そうした中で、イスラム教徒でありイスラム法学者として、ISISに知人がいる者として、提案を考えた。

人道支援は赤新月社を通してすべき

2億ドルの人道援助は、現地で活動する赤新月社(赤十字社)を通じて、ISIS地域内の難民になされるべきだ。援助は、食料、医薬品、毛布等の暖房器具など、人道支援にしか使えない物資にする。難民への分配は、(ISISとのルートを持つ)トルコを経由し、現地の支配組織に任せる。

ISISやその前身のイスラム運動が現地で勢力を広げたのは、イラク戦争でスンニ派への支援・補償が十分ではなかったことに遠因がある。現地の人たちはサダム・フセイン政権が倒れたことを歓迎したが、すぐに反米になってしまった。それは空爆等で多くの市民が死んだにもかかわらず補償もなかったからだ。これと同じことが、今、ISIS地域で行われている。ISIS地域内の難民に支援が届けられなければ、ほんとうの人道支援とは理解されない。

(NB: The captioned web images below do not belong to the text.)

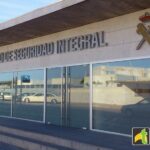 La Guardia Civil de Tomelloso detiene a una joven de 21 años por tráfico de drogas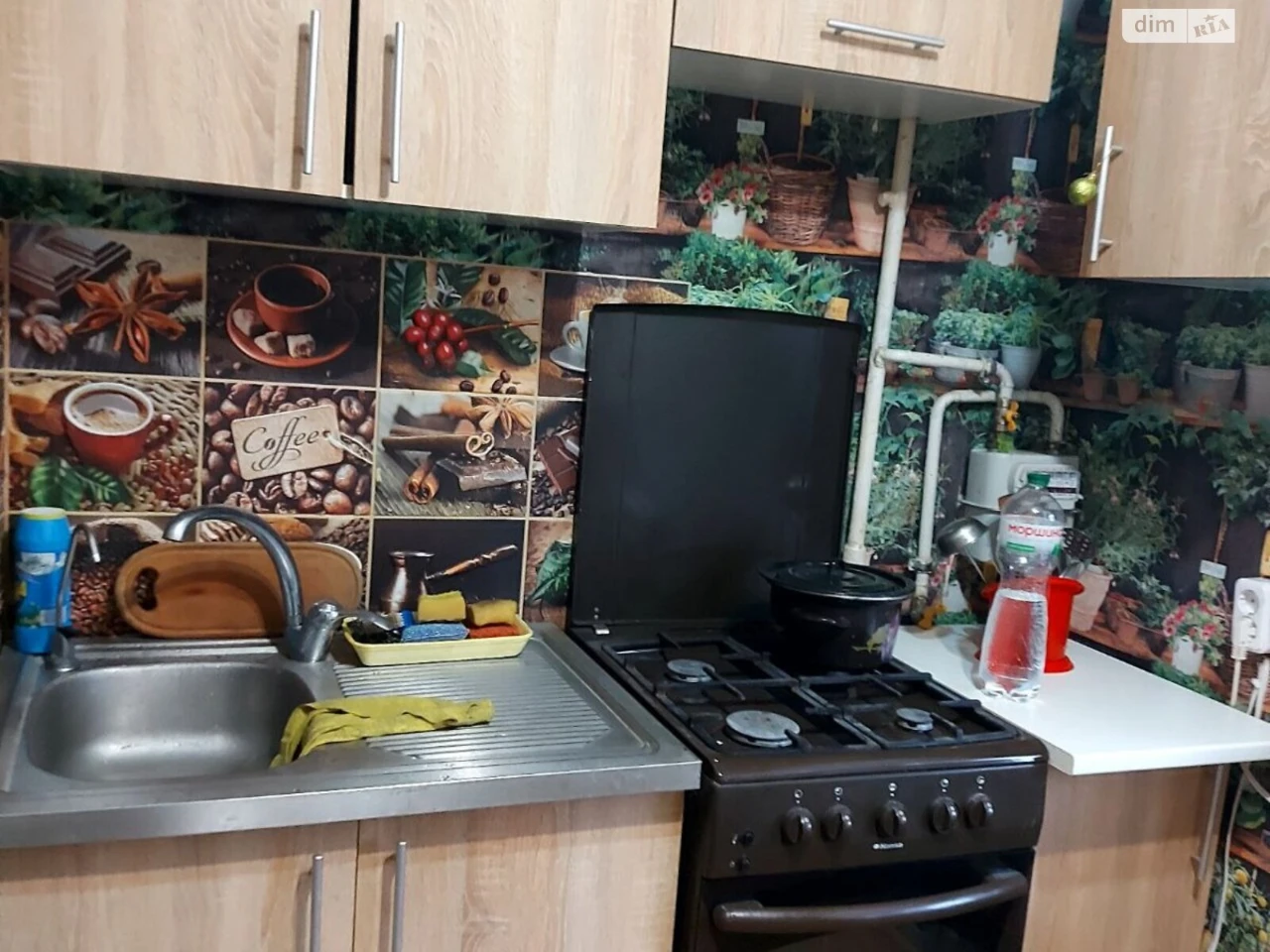Long-Term Rental Apartment in Obol'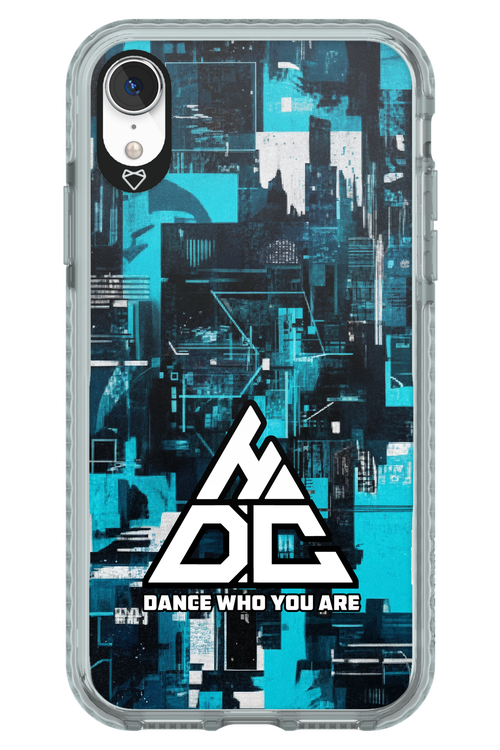 HDC 5 - Apple iPhone XR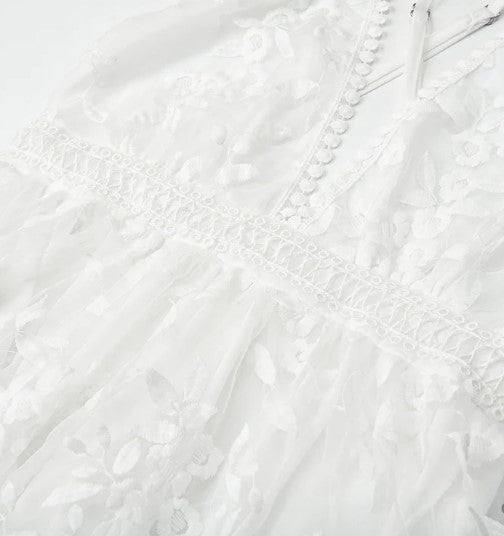 Elegantes Cocktailkleid für Besondere Anlässe.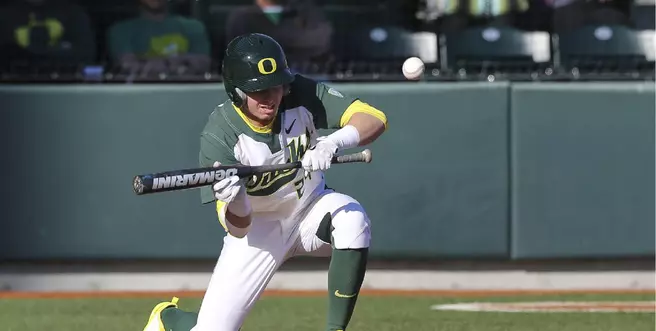Ducks Back To Pac-12 Play At UA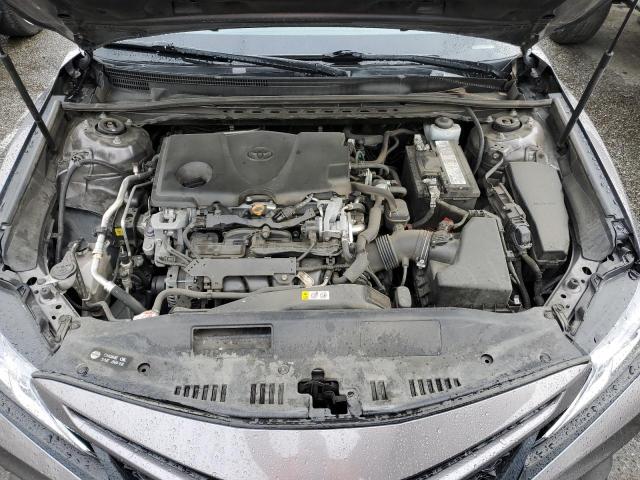 Photo 10 VIN: 4T1B11HK5KU834256 - TOYOTA CAMRY 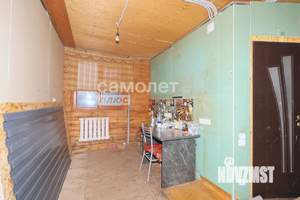 Дом 78м², 1-этажный, участок 8 сот.  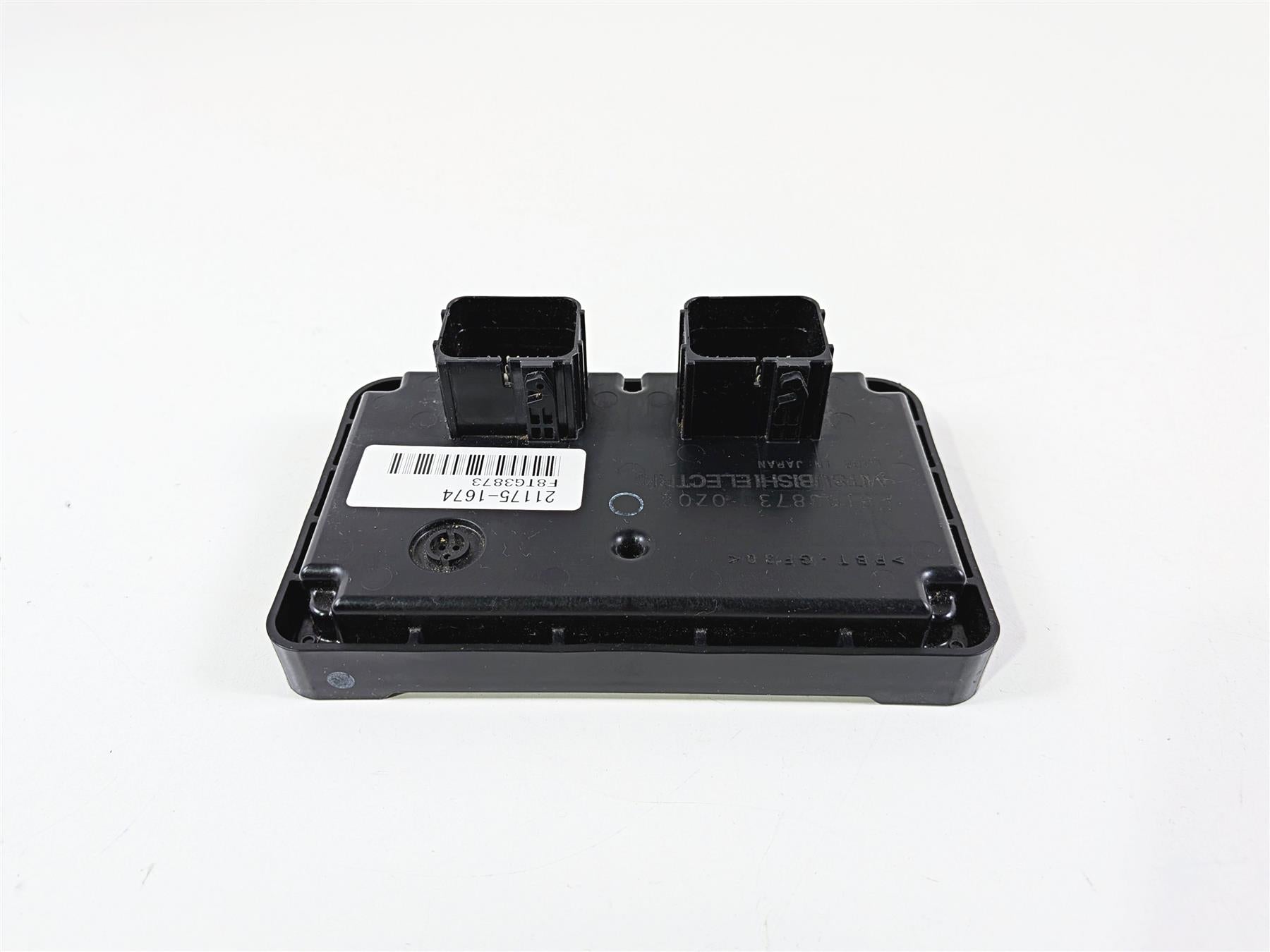 2021 Kawasaki Teryx KRX KRF 1000 ES Cdi Ecu Ecm Engine Control Module 21175-1674 {{ shop.shopifyCountryName }} - Mototech271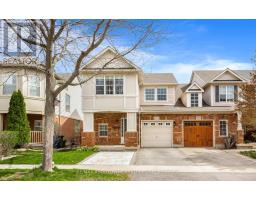 3123 EDGAR AVENUE, Burlington, Ontario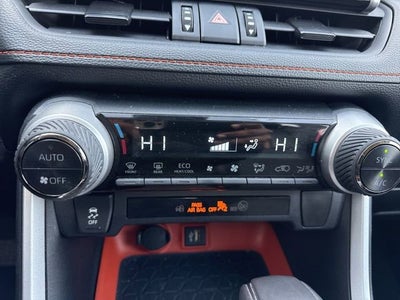 2024 Toyota RAV4 Adventure AWD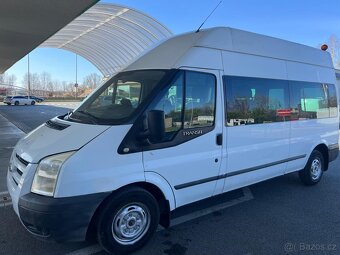 Ford Transit 2,2TDCi 85KW - 2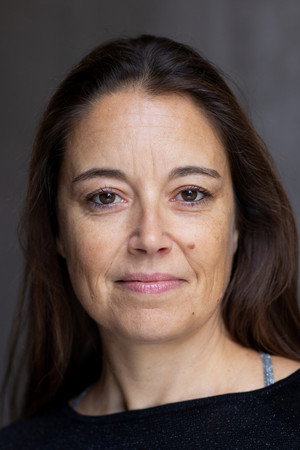 Louise Heem portrait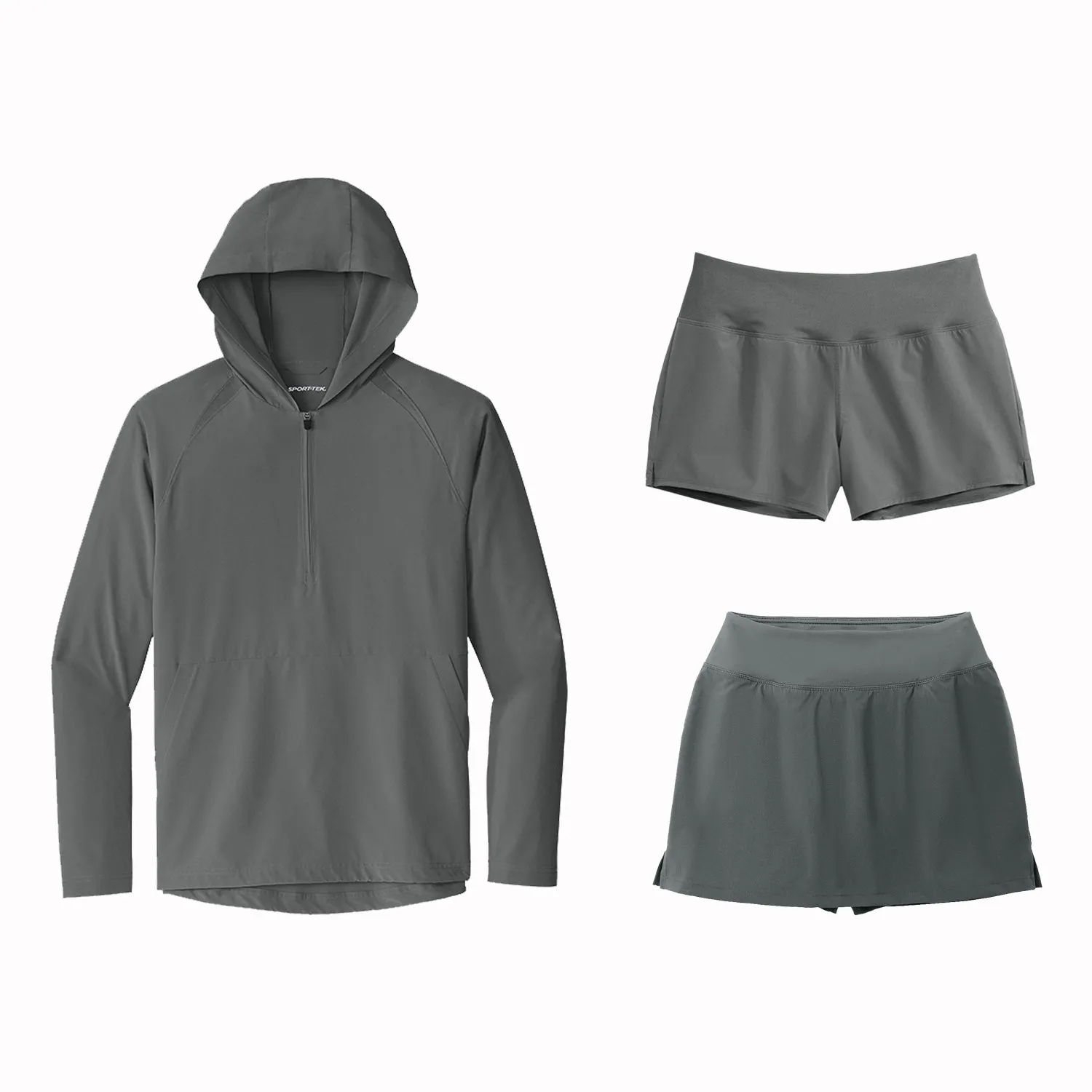 Alpha Chi Omega Active Skort
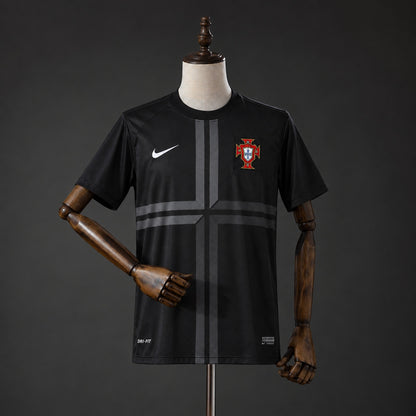 Camiseta Retro Portugal 2013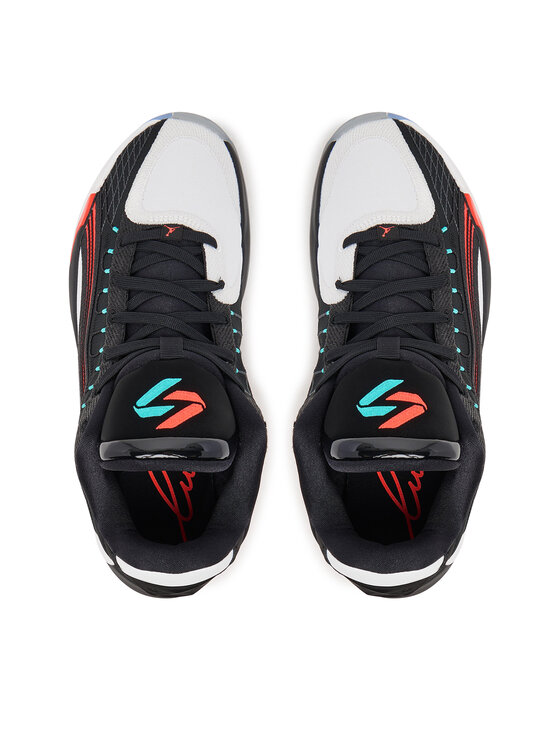 Nike Nike Kosárlabda cipők Jordan Luka 4 HF0823 001 Fekete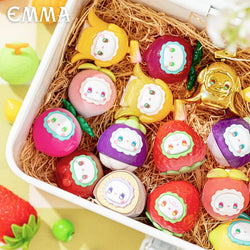 EMMA COLORFUL SWEETIE SPRITES (1 Blind Box) (ONLINE ORDER ONLY)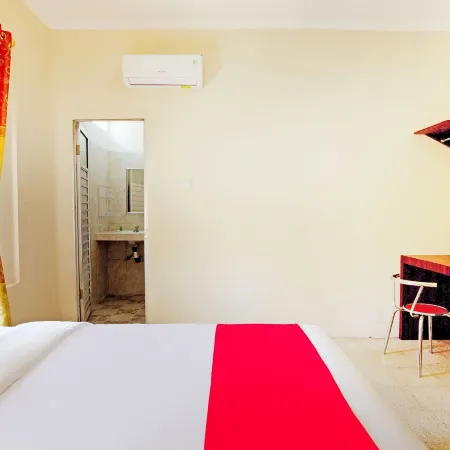 Hotel O Lansano Residence Syariah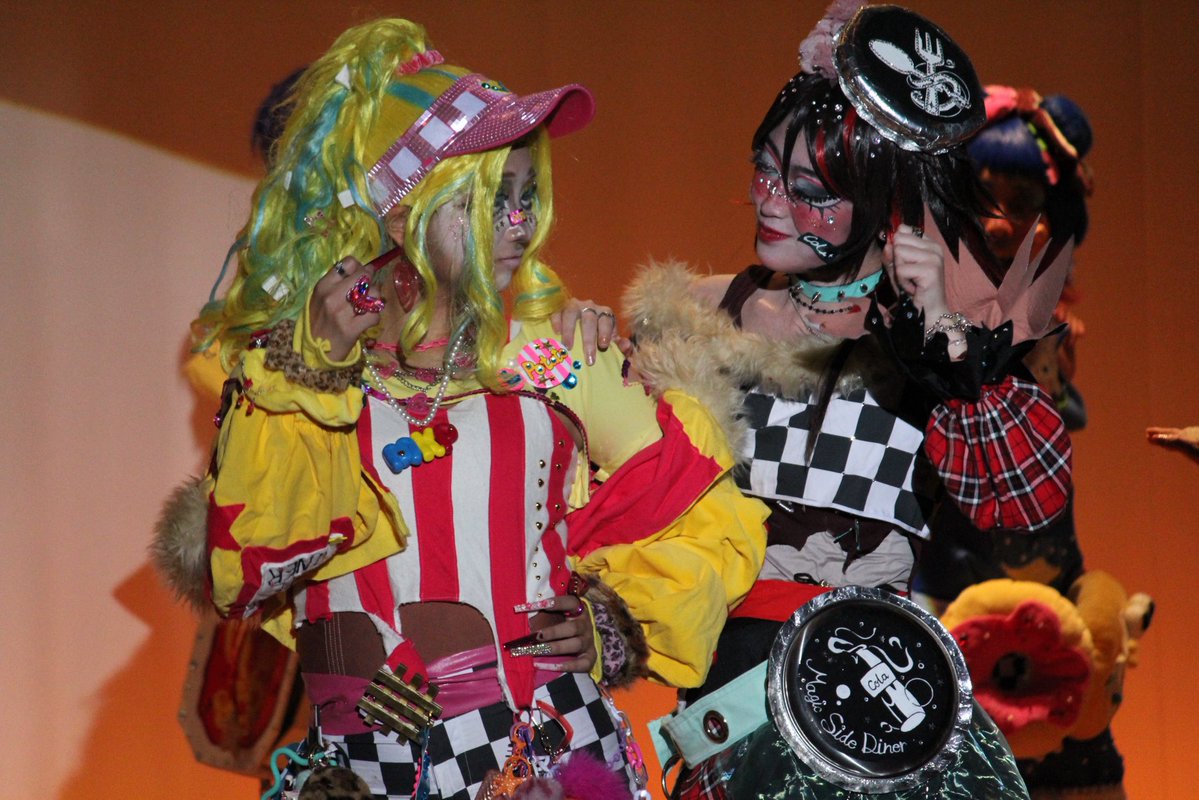 セプおじ tweet media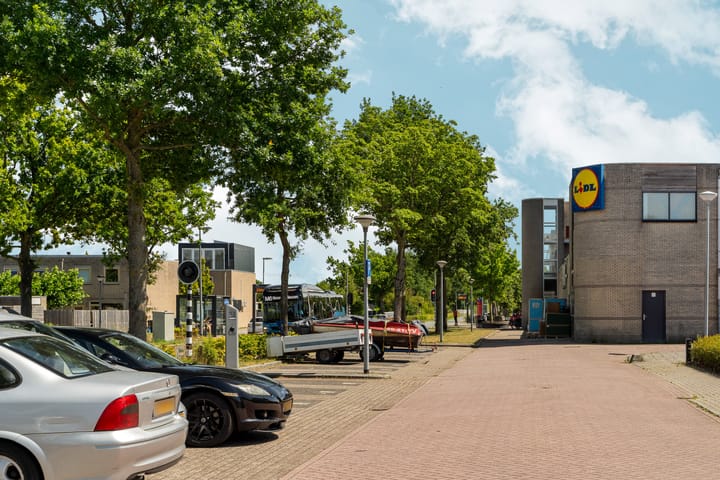 Foto 32 van Wijnruitstraat 10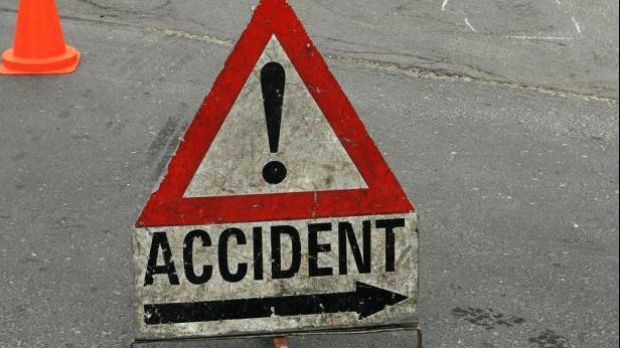 Accident grav pe E58: Există patru victime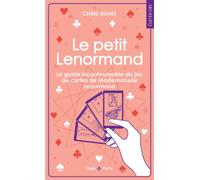 Le petit Lenormand - Chris Semet - Hugo Poche - Poche - Guide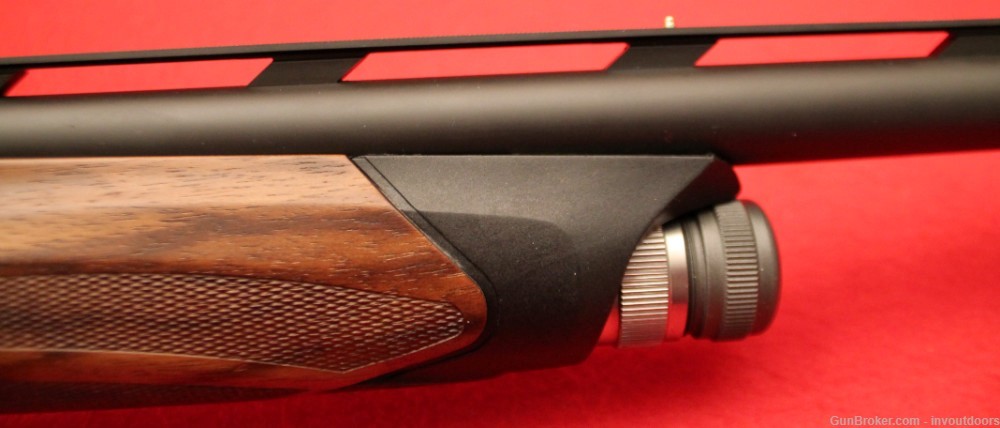 Beretta A400 Xcel Sporting 12 ga 30"-barrel 3" chamber semi-auto shotgun.-img-16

シリア内戦で、さまざまな組織が争う中で、ISISが支持されてきたのは、難民支援金などの住民への分配を、他組織に比べて公平に行ってきたからだ。住民への分配はISISを信頼するしかない。

日本政府がISISとどのようなパイプを持っているかは分からない。ただ、一般論としては、イスラム世界への理解度や認識が高くなく、アラブの専門家集団は外務省内の力も大きくない。これまで人質を救出できなかったことを考えると、政府の力で救出をすることは難しいだろう。

私がパイプを持つISISのウマル・グラバー司令官はISISの行政官で、広報担当として唯一、顔を明かし、SNSで公式に発言している人物だ。指導部内でどの程度の力をもっているかは分からないが、少なくとも偽物ではない。

72時間の意味はつかみかねているが、その間におカネが払い込まれるという意味ではないだろう。現実的にそんな短時間でおカネを受け渡しするのは不可能であり、交渉の糸口をつかむまでの猶予ではないか。